By Ezgi Erkoyun and Ece Toksabay
ISTANBUL (Reuters) -Turkey’s central bank held its policy rate steady at 50% on Tuesday as expected and repeated it remains highly attentive to inflation risks, even as it expects disinflation to gain strength.
The bank last raised interest rates in March, by 500 basis points and has since held steady while vowing to tighten policy more if it predicts the inflation outlook will worsen, a hawkish pledge it repeated on Tuesday.
Starting to see some results from policy tightening that began more than a year ago, the central bank said the underlying monthly inflation trend showed a notable decline in June, though added that it could rise this month.
“Leading indicators suggest that monthly inflation will rise temporarily in July due to adjustments in administered prices and taxes as well as supply-side factors in unprocessed food prices,” its monetary policy committee said.
It said the monetary transmission mechanism will continue to be supported via additional macroprudential measures, while sterilization will be implemented effectively by adding to the tool set whenever needed.
Since June last year, the bank has raised its policy rate by a total 4,150 basis points in a tightening cycle that reversed years of monetary stimulus supported by President Tayyip Erdogan to boost economic growth.
Turkey’s annual inflation rate began what is expected to be a sustained fall in June, dipping to 71.6%. Officials and analysts predict a gradual decline in the remainder of 2024 with economists forecasting a year-end level of around 43%.
In a Reuters poll last week, all 26 economists expected the bank to hold rates this month and to not ease until the next quarter. The policy rate was expected to drop by 500 basis points to 45% by the end of 2024.
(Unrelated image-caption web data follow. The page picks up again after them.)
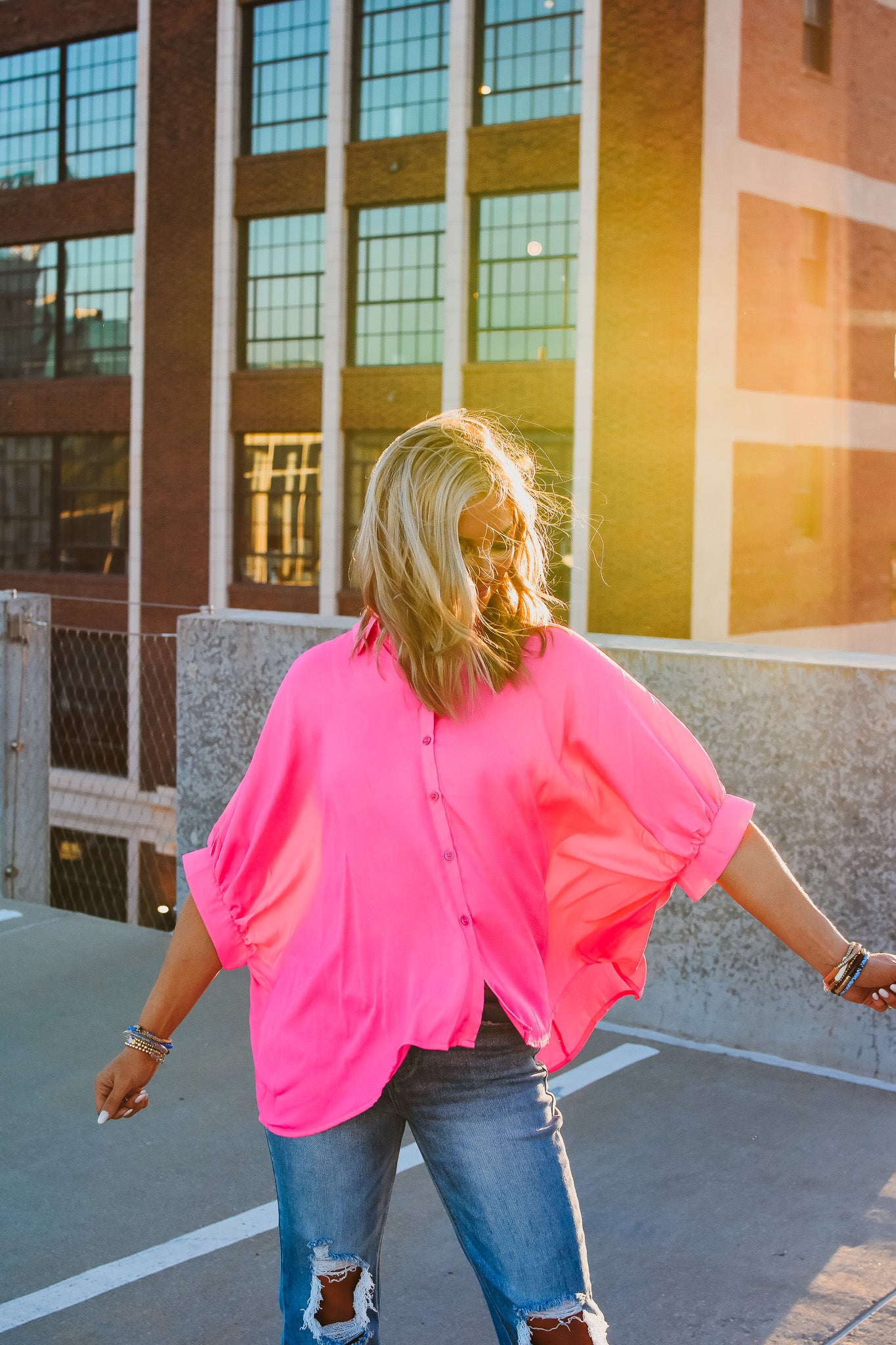 Denny Top in Hot Pink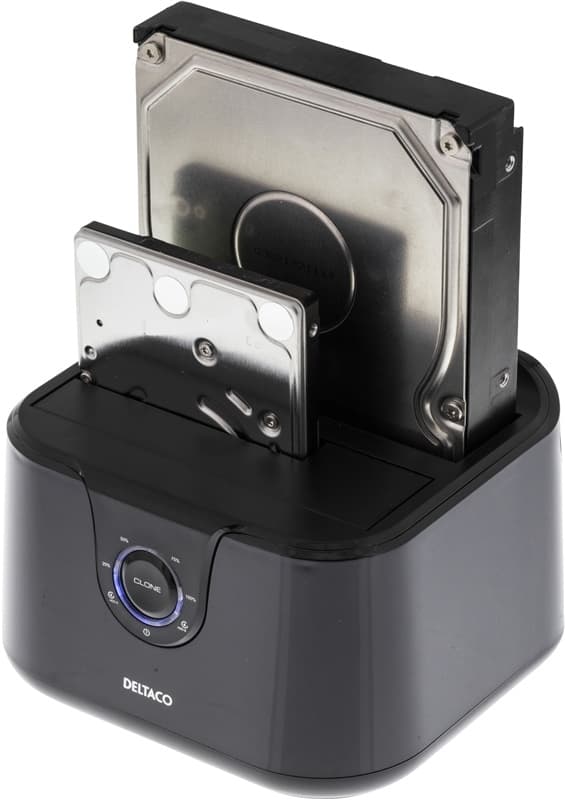 DELTACO Direkte docking til dobbelt 2,5" og 3,5" SATA-harddiske, sort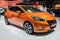 Nissan Micra car showcased at the Brussels Expo Autosalon motor show. Belgium - January 19, 2017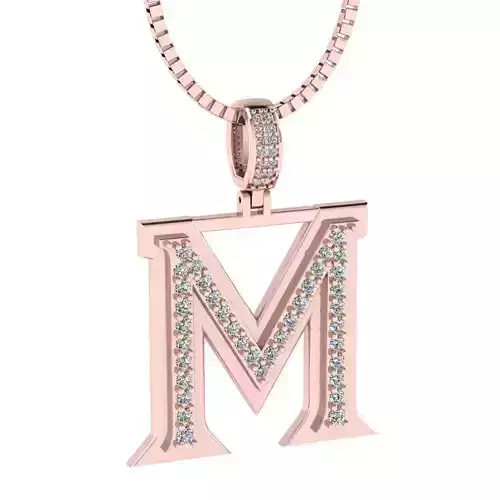 Alphabet Luxury pendant M 3D print model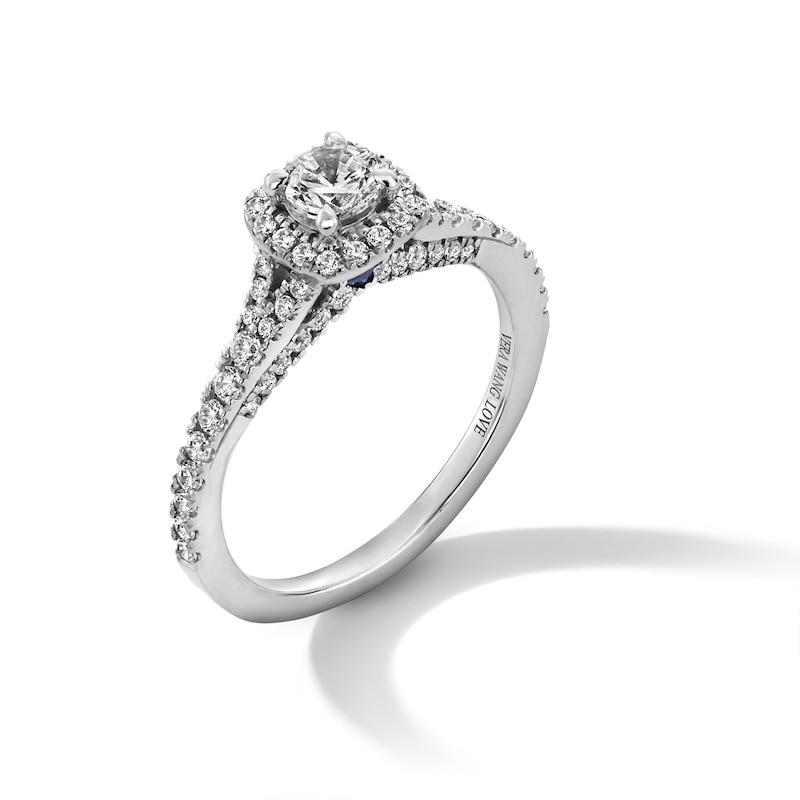 Main Image 3 of Vera Wang Love Collection 7/8 CT. T.W. Diamond Cushion Frame Split Shank Engagement Ring in 14K White Gold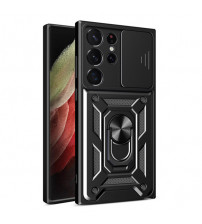 Husa Samsung Galaxy S23 Ultra Antisoc, Protectie camera, Inel, Black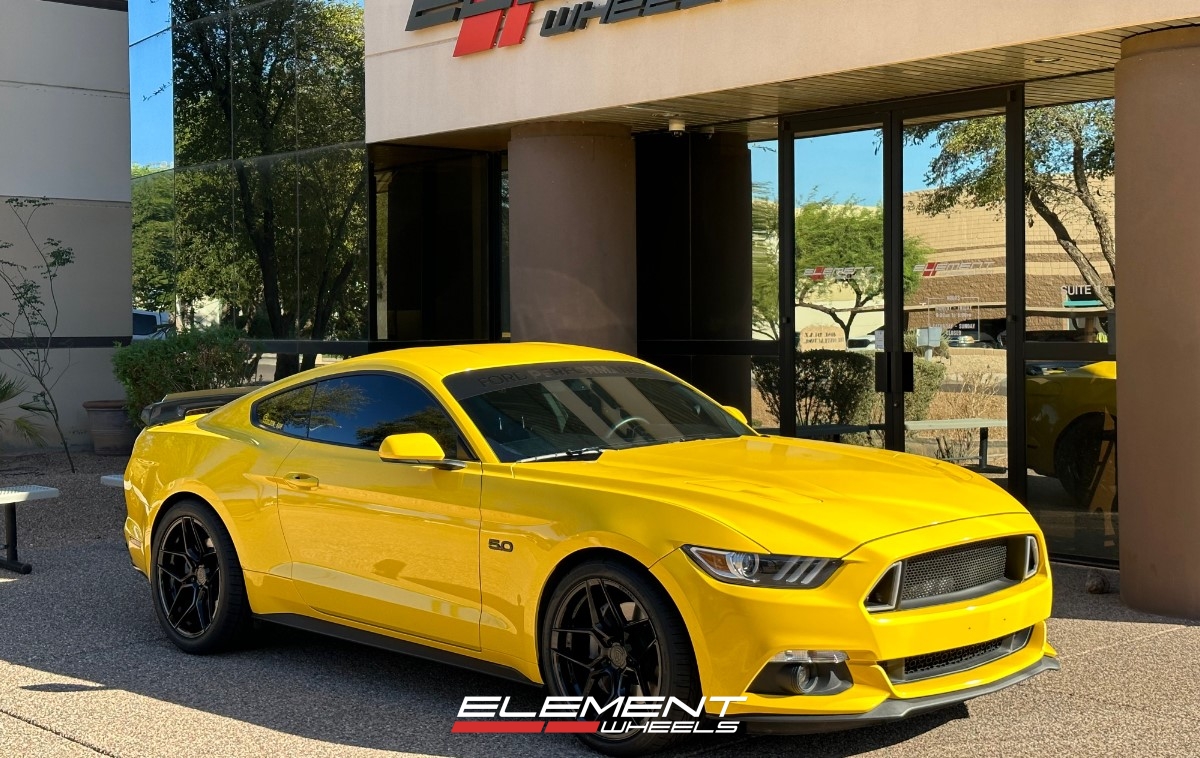 20 inch Staggered Rohana RFX11 Gloss Black on a 2016 Ford Mustang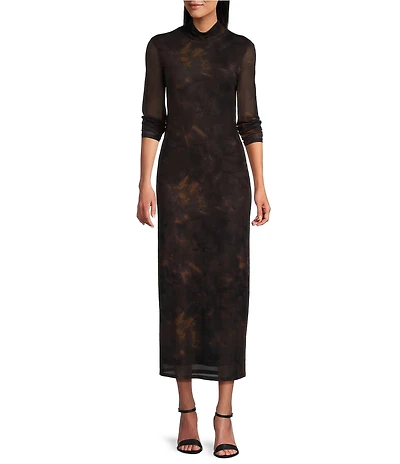 Reba Dustwood Mesh Mock Neck Long Sleeve Midi Sheath Dress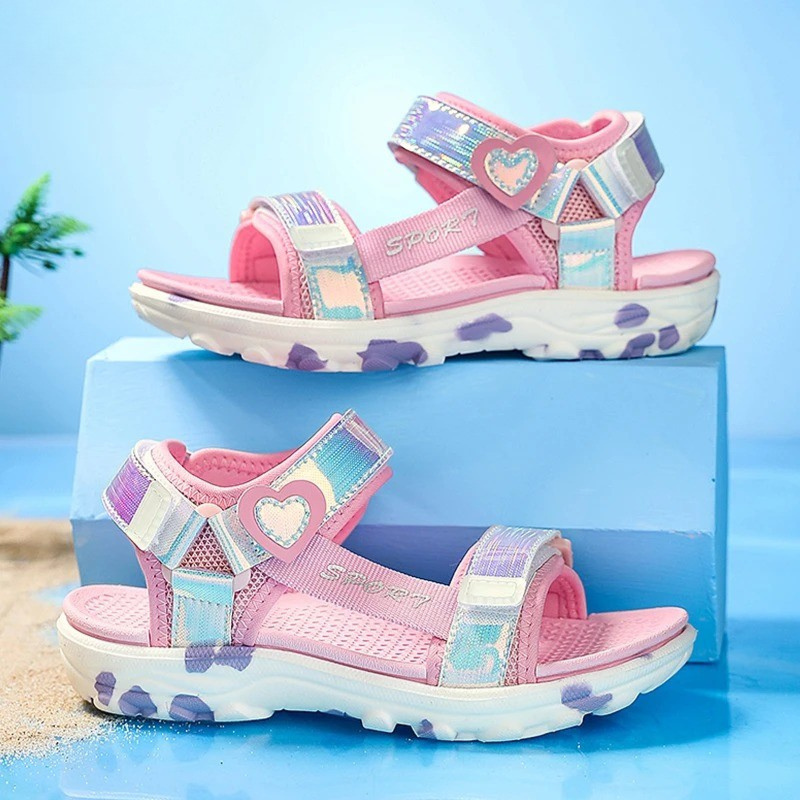 Girls’ Princess Sandals – Breathable Anti-Slip Open-Toe Shoes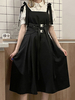 Gothique Lolita OP Robe Sans Manches Polyester Noeud Détails En Métal Pull Noir Jupe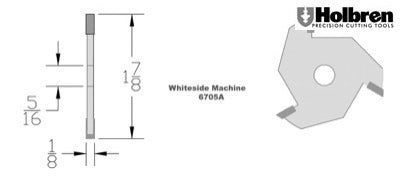 Whiteside 6705A 1/8" Slotting Cutter 3 Wing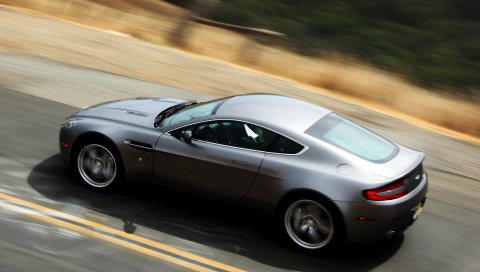 Aston martin, v8, vantage, 2008, серый металлик, вид сверху, скорость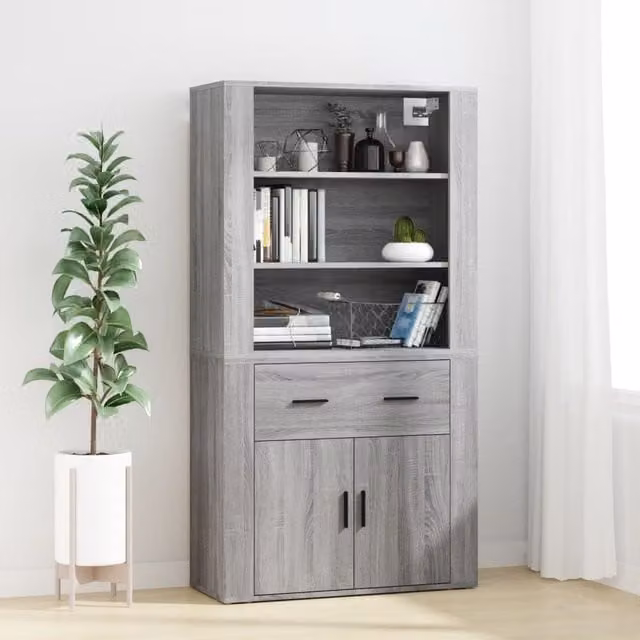 Berkfield Home Grey Sonoma Wall Mounted Highboard with Hinged Doors and Internal Shelves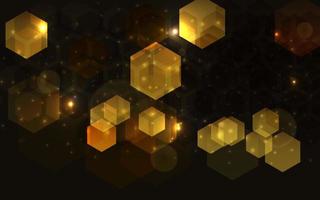 Abstract black and gold shiny hexagon geometric element background vector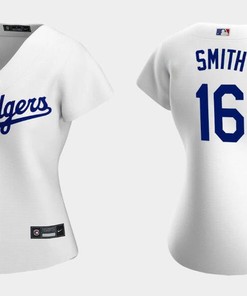 Women Los Angeles Dodgers #16 Will Smith White Stitched Jersey - Run Small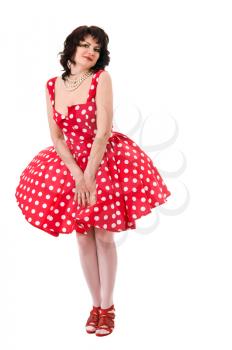 woman pin-up in red dress isolated on white background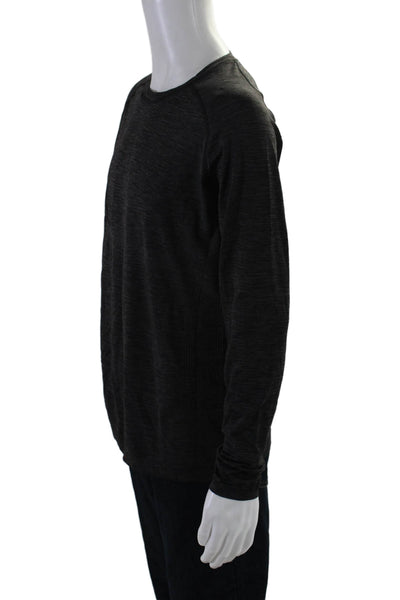 Lululemon Mens Striped Round Neck Long Sleeve Pullover Athletic Top Black Size M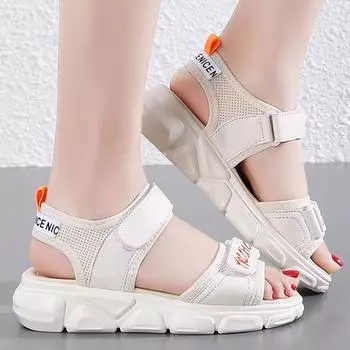 33-42 летние детские противоскользящие и износостойкие модные спортивные сандалии на липучке, пляжная обувь, тапочки, женская обувь, детская обувь 33 бежевый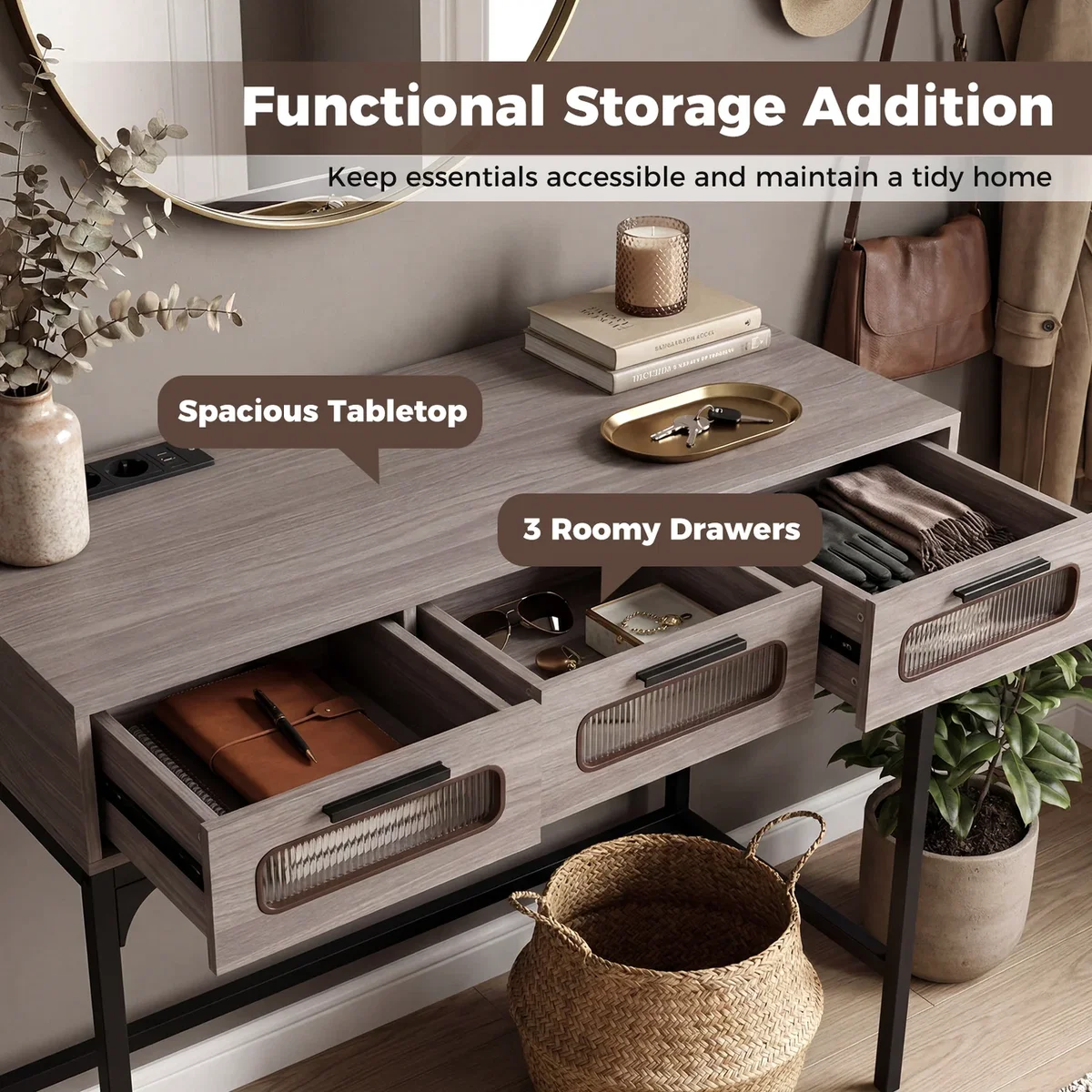 Costway Console Table Entryway Table - Grey – image 7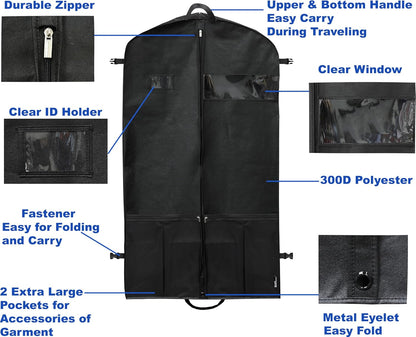 Heavy-duty travel garment bag with compartments – 2 for the price of 1. Limited-time offer.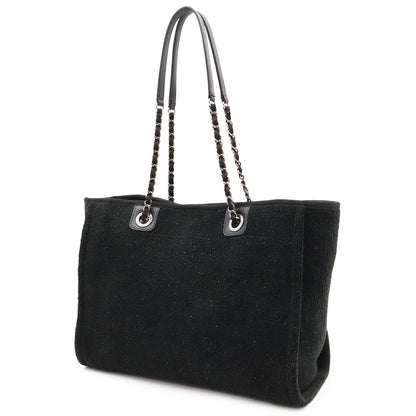 Chanel Deauville Line Medium Tote MM Shoulder Bag Chain Cotton Black — view 2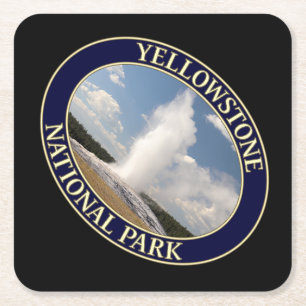 Oude getrouwe Geyser in Yellowstone National Park Kartonnen Onderzetters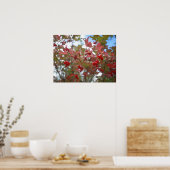 ベリーレッド秋リーフオータムガーデンサンクスギビング ポスター (キッチン)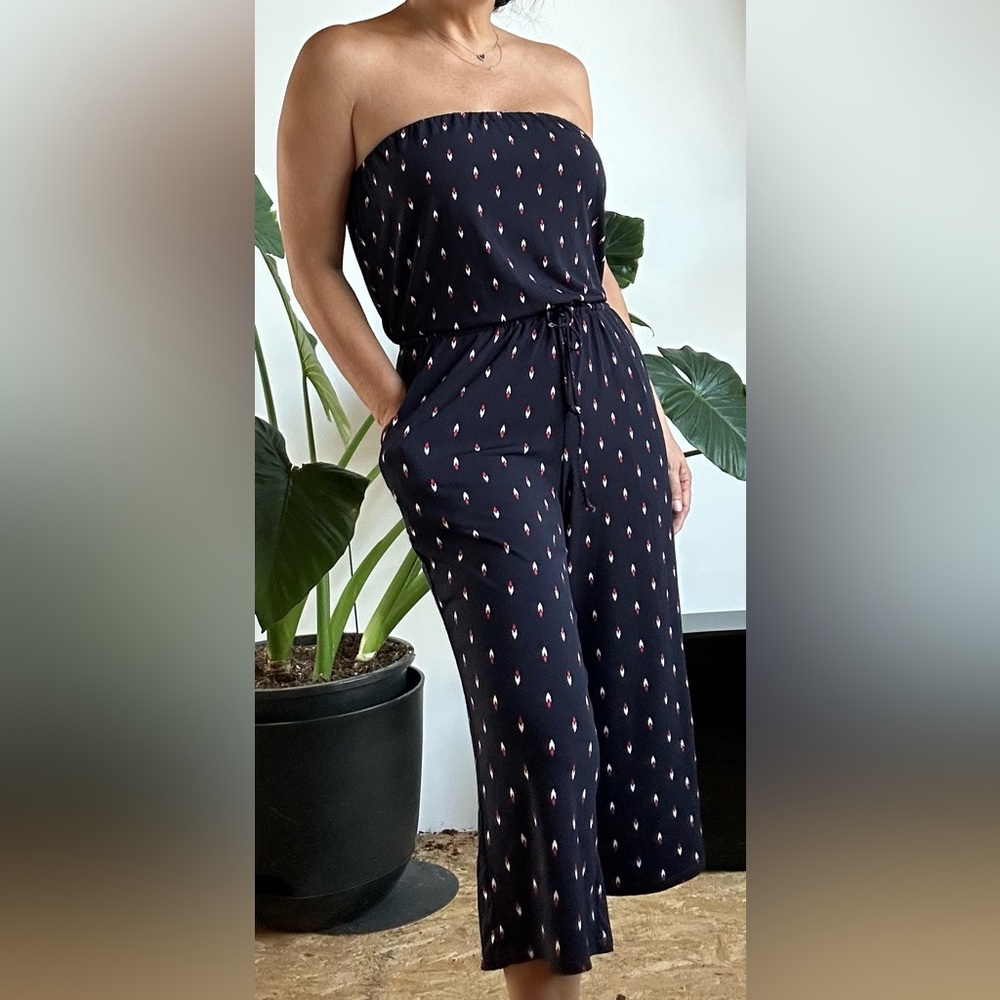 Veronica M Navy/white/red stretch culotte  Strapless Jumpsuit size S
The lira was little changed at 32.9450 against the dollar.
Many Turks are struggling with eroding living standards after six years of soaring inflation, combined with a sharp clampdown on credit over the last year, which has left them paying the price for past economic missteps.
Before he backed last year’s policy reversal, Erdogan had championed a low rates policy for five years to lift economic growth despite soaring prices, which led to the lira shedding more than 85% to the dollar since 2018.
No significant easing in rates was expected to come until next year, the Reuters poll showed, with the central bank forecast to reduce rates by 2,250 basis points to 27.50% by end-2025.